Couchbase Search indexes, often called FTS (Full-Text Search) indexes, are a powerful but often misunderstood feature. The most surprising thing about them is that they don’t just store text; they analyze it, breaking it down into meaningful tokens based on language and specific rules, which is crucial for effective searching.
Let’s see this in action. Imagine you have a collection of documents about books, and you want to search for books containing the word "adventure" in their descriptions.
[
{
"title": "The Hobbit",
"author": "J.R.R. Tolkien",
"description": "Bilbo Baggins, a hobbit, is persuaded by Gandalf the wizard and a band of dwarves to steal treasure from Smaug the dragon. A grand adventure ensues."
},
{
"title": "Pride and Prejudice",
"author": "Jane Austen",
"description": "A classic novel of manners, love, and social standing in Georgian England."
},
{
"title": "Treasure Island",
"author": "Robert Louis Stevenson",
"description": "Young Jim Hawkins embarks on a perilous journey to find buried treasure, facing pirates and mutiny on the high seas. A true adventure story."
}
]
To search this effectively, we need an FTS index. Here’s how you’d create one using the Couchbase CLI:
/opt/couchbase/bin/couchbase-cli fts-create-index --cluster localhost:8091 --username Administrator --password password \
--bucket travel-sample --name books_fts_index --type fulltext-v1 \
--design-name books_index --source-type couchbase --source-name books_collection
This command tells Couchbase to create an FTS index named books_fts_index on the books_collection within the travel-sample bucket. The --type fulltext-v1 specifies the FTS index version, and --design-name books_index is a logical grouping for your FTS indexes.
Once created, Couchbase analyzes the description field. It doesn’t just store "adventure" as a string; it breaks it down into tokens. For English, this typically involves:
- Lowercasing: "Adventure" becomes "adventure".
- Punctuation removal: "adventure." becomes "adventure".
- Stop word removal: Common words like "a", "the", "is" might be removed.
- Stemming: Words with similar roots might be reduced to a common stem (e.g., "adventures" might become "adventur").
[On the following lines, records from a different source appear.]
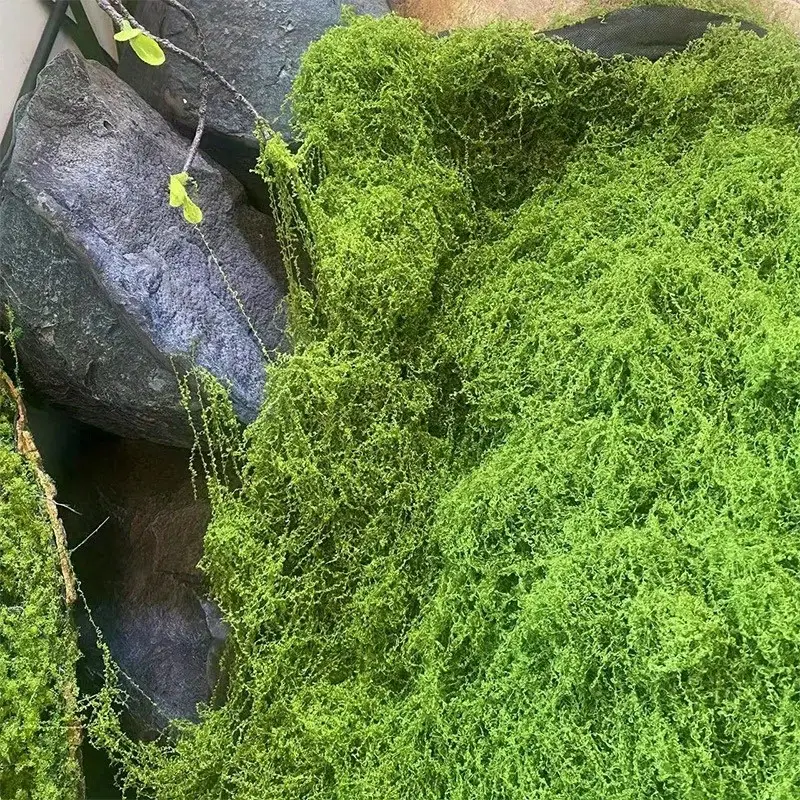 Green Fake Moss DIY Crafts Gra - Sphagnum Moss Dry recensie en prijs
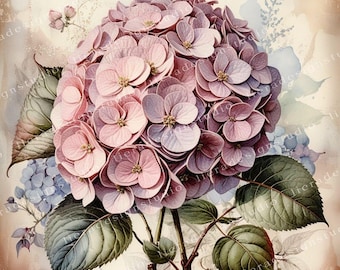 Vintage Hydrangea Bundle, Hydrangea Junk Journals, Vintage flowers Decoupage, Scrapbook, 10 High Quality Watercolor JPGs, commercial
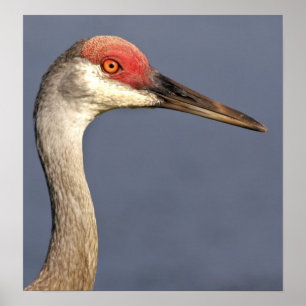 Pôster Sandhill Crane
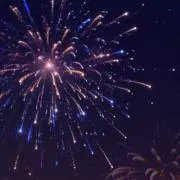 プロフ必読/即購入⭕️の画像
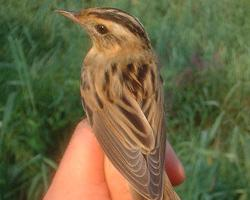 Fotó: Aquatic warbler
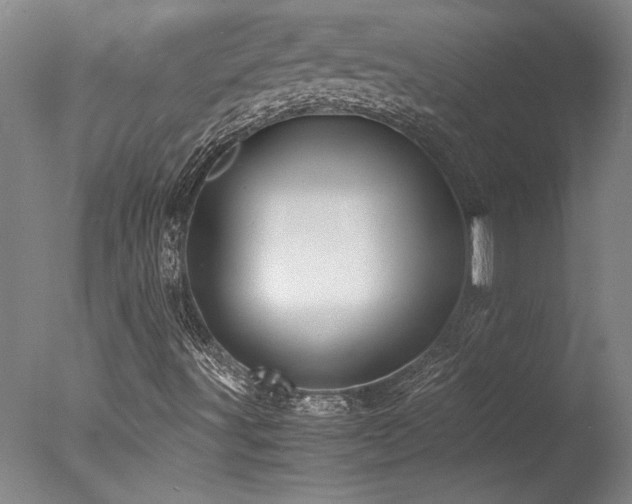 X0000078001491200610271123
This tokenization is what allows you to search for "adventure" and find documents containing "adventures" or "adventure."
Now, let’s perform a query. You can do this via the Couchbase UI, the SDK, or the REST API. Using the REST API for demonstration:
curl -X POST \
http://localhost:8093/api/index/books_fts_index/query \
-H 'Content-Type: application/json' \
-d '{
"query": {
"match": {
"description": "adventure"
}
}
}'
The result would look something like this, showing the "The Hobbit" and "Treasure Island" documents because their descriptions contain the analyzed token "adventure":
{
"requestID": "...",
"status": "success",
"hits": [
{
"id": "doc_id_for_the_hobbit",
"score": 0.5,
"fields": { ... }
},
{
"id": "doc_id_for_treasure_island",
"score": 0.4,
"fields": { ... }
}
],
"total": 2,
"maxScore": 0.5,
"took": 10
}
The score indicates relevance. Higher scores mean a better match.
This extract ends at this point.